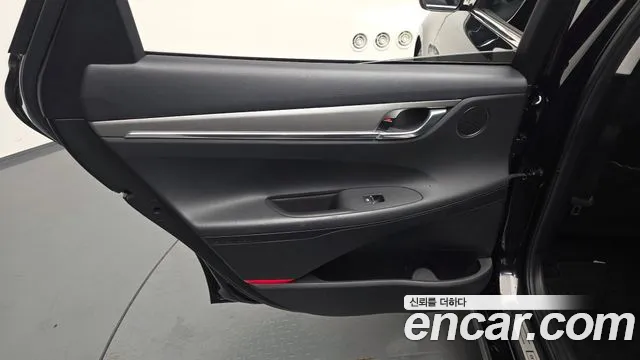 Hyundai Grandeur Новый Grandeur IG 3.0 LPi (Для проката) — Фото автомобиля 22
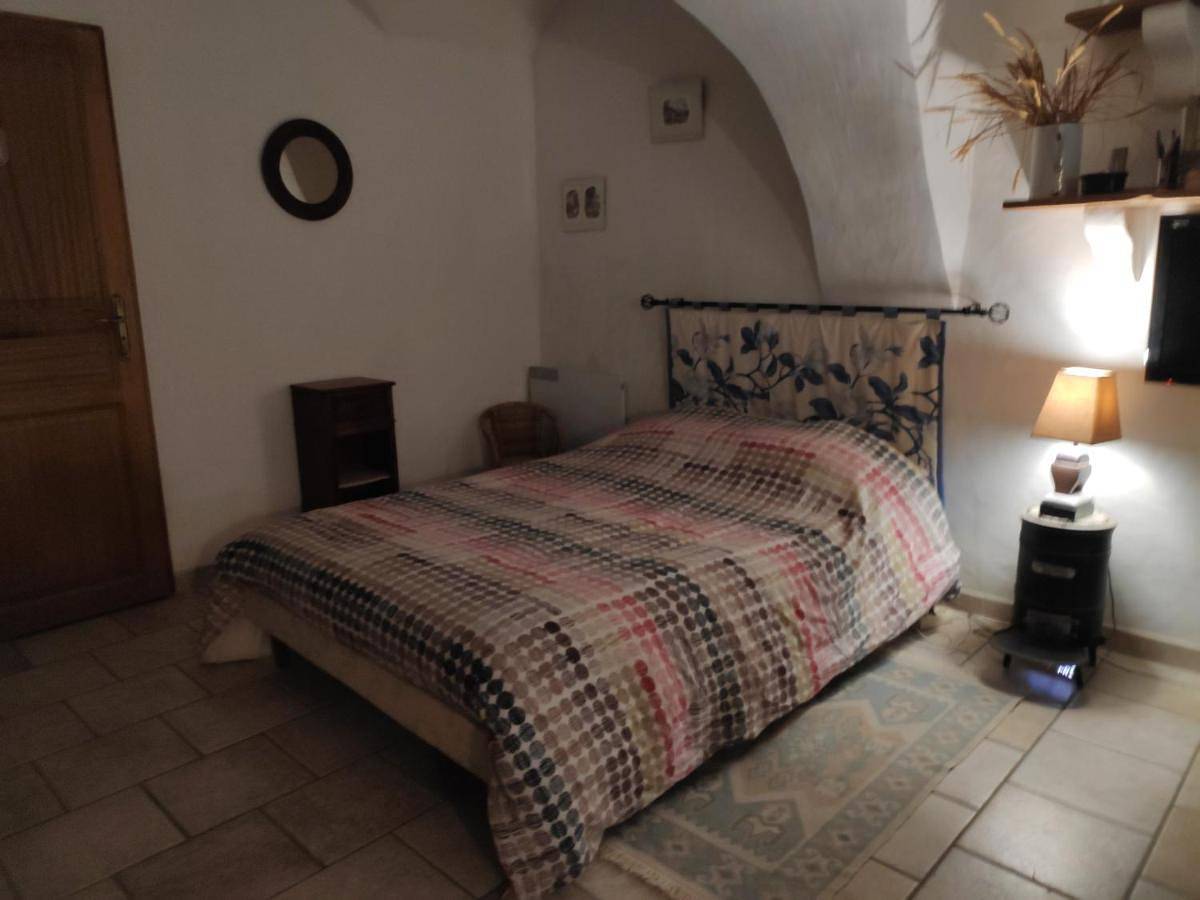 Appartement entier, Gîte La Tanière Des Alpes in Bayons, Région de Forcalquier
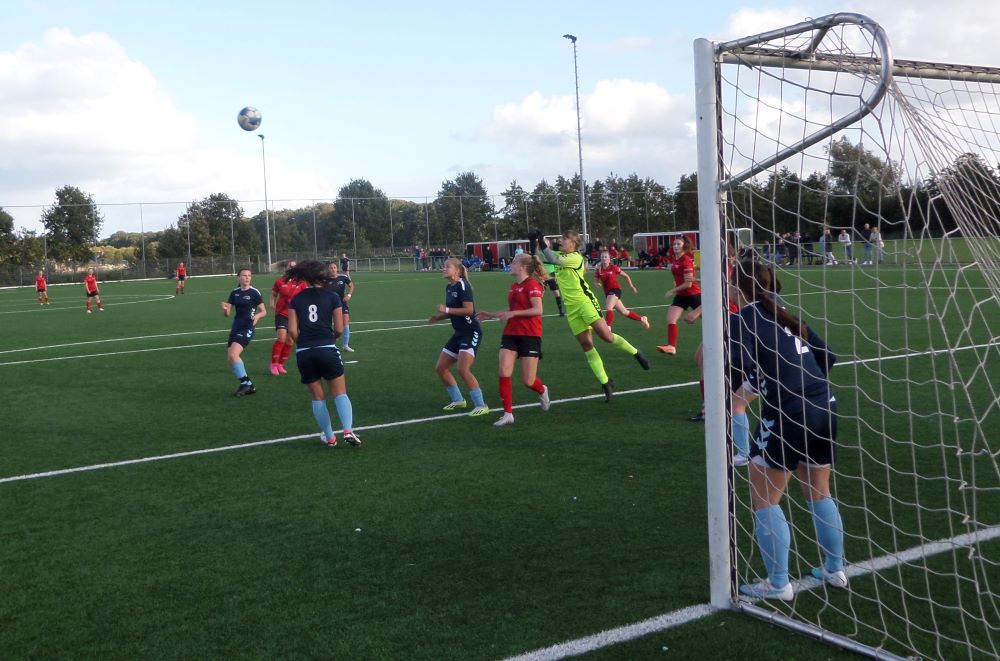 Vrouwen 1 wint ook vierde competitieduel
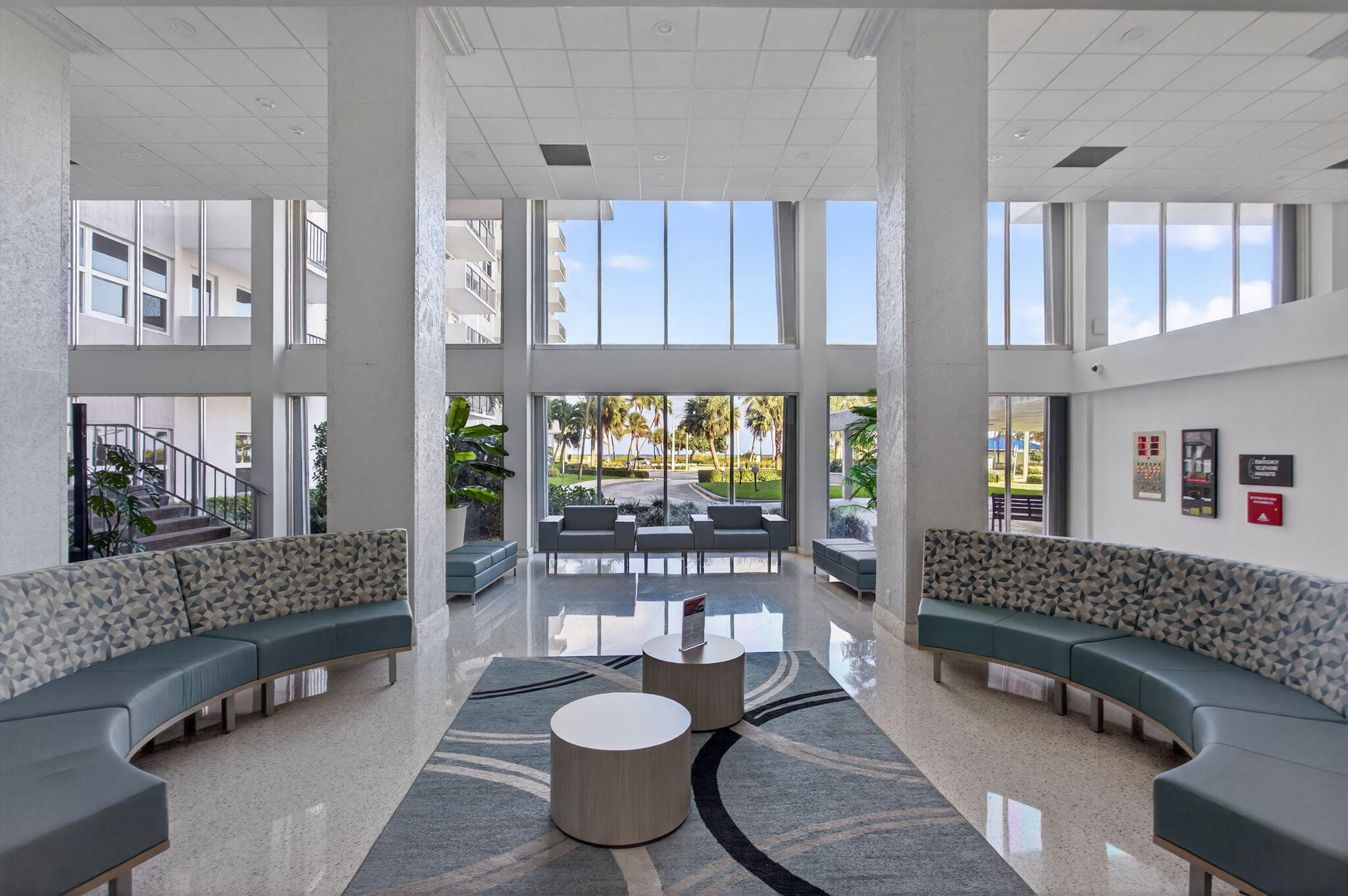 PARLIAMENT HOUSE CONDO - Residential Lease
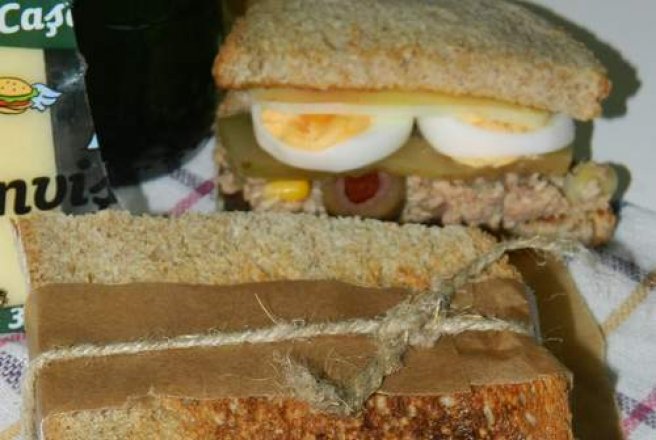 Sandwich cu ton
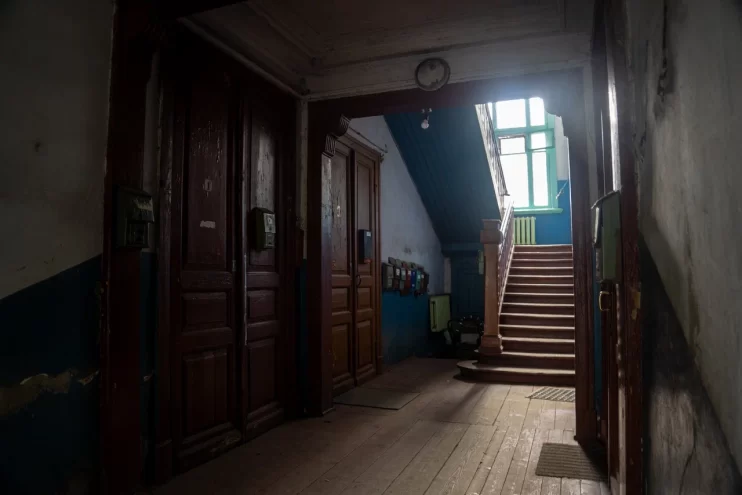 Жильцов многоэтажек могут оштрафовать за коврик у двери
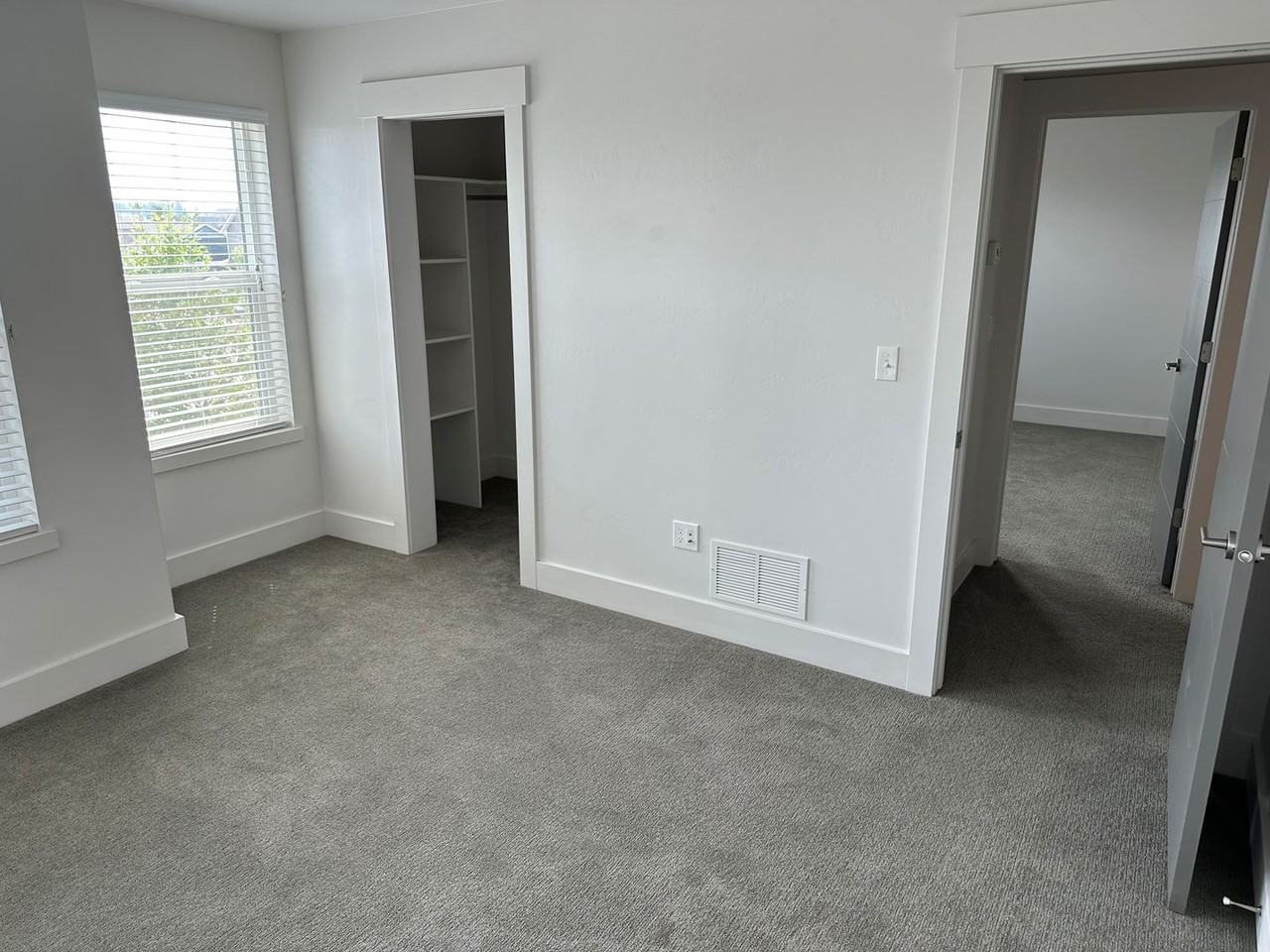 97 Granite Peak Dr - Photo 3 of 12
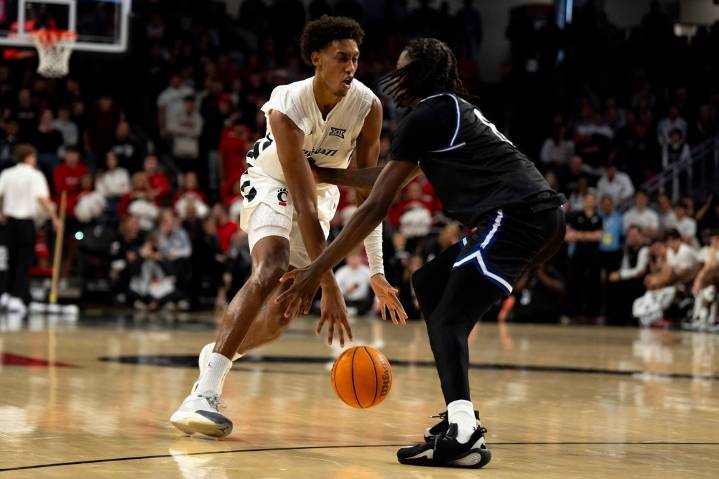 Deadspin | Baba Miller has big night as Cincinnati fends off Georgia State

# # # # # # #

**PROBLEM TO WORK ON:** Your answer must be exactly the lines from the one with "PARLIAMENT HOUSE CONDO - Residential Lease" through the final line of the data, with no pictures in it.

**YOUR RESPONSE:**
 PARLIAMENT HOUSE CONDO - Residential Lease
 Sandwich cu ton
 Жильцов многоэтажек могут оштрафовать за коврик у двери
 97 Granite Peak Dr - Photo 3 of 12
 Deadspin | Baba Miller has big night as Cincinnati fends off Georgia State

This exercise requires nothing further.